Decision makers must understand the impact of data uncertainty on their decisions and should think of ways to making this impact explicit. This is not new and is not depended on whether the data comes from a big data source or not. Data uncertainty has been around ever since the first optimisation model was created. In practice this uncertainty is simplified by using a single measure, for example the minimum, maximum or average. The impact of that simplification is manifold as Sam Savage explains in The Flaw of Averages. Without explicitly taking into account the uncertainty in (big) data, the outcomes of optimisation models using that data are no better than a wild guess. With the high level of uncertainty of big data,  explicitly taking into account the data uncertainty is even more important. Luckily Operations Research offers various ways to incorporate this uncertainty into the modelling and changes a wild guess into an informed decision. Some well-known approaches are what-if analysis, fuzzy logic, robust optimisation and simulation.

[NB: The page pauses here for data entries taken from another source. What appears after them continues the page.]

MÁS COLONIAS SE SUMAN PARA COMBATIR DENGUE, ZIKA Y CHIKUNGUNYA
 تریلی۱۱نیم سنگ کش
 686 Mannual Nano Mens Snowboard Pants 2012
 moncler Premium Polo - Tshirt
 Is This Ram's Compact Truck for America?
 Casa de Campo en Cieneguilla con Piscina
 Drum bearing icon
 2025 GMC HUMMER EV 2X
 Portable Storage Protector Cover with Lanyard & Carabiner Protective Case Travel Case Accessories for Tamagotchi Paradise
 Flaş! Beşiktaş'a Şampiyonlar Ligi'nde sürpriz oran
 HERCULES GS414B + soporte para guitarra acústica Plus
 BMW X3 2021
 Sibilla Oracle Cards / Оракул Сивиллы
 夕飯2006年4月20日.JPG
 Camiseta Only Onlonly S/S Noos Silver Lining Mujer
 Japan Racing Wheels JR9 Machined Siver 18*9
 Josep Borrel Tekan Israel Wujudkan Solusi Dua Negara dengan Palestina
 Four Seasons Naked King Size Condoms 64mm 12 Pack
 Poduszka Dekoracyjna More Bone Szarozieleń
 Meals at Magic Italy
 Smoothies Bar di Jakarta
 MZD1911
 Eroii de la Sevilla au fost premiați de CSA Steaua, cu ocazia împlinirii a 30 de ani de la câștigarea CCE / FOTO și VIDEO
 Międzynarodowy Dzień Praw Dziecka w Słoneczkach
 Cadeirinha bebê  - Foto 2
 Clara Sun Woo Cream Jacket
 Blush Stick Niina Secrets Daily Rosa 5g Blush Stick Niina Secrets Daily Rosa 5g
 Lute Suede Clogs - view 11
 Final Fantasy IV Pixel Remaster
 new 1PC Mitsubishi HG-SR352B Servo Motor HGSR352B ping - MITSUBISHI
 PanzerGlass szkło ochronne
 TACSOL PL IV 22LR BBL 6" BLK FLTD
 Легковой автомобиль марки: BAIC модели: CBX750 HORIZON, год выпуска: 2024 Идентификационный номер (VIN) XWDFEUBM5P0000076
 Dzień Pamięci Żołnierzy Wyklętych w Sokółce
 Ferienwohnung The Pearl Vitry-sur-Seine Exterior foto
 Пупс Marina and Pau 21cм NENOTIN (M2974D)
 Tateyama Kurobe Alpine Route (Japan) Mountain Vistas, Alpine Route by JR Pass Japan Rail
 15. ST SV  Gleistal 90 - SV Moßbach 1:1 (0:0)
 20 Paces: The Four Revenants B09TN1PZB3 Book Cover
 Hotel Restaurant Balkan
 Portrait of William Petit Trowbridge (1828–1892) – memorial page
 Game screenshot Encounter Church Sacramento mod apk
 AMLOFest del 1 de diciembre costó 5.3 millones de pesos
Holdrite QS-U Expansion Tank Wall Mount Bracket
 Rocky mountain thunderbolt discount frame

Big data is not objective nor truthful nor credible; It’s a creation of human design and therefore biased. Numbers get their meaning because we draw inferences from them. Biases in the data collection, data analysis and modelling stages present considerable risks to decision quality, and are as important to the big-data equation as the numbers themselves.  Decision makers must know about this uncertainty, know how it will impact decision making.

”Not everything that counts can be counted, 

and not everything that can be counted counts.”

Albert Einstein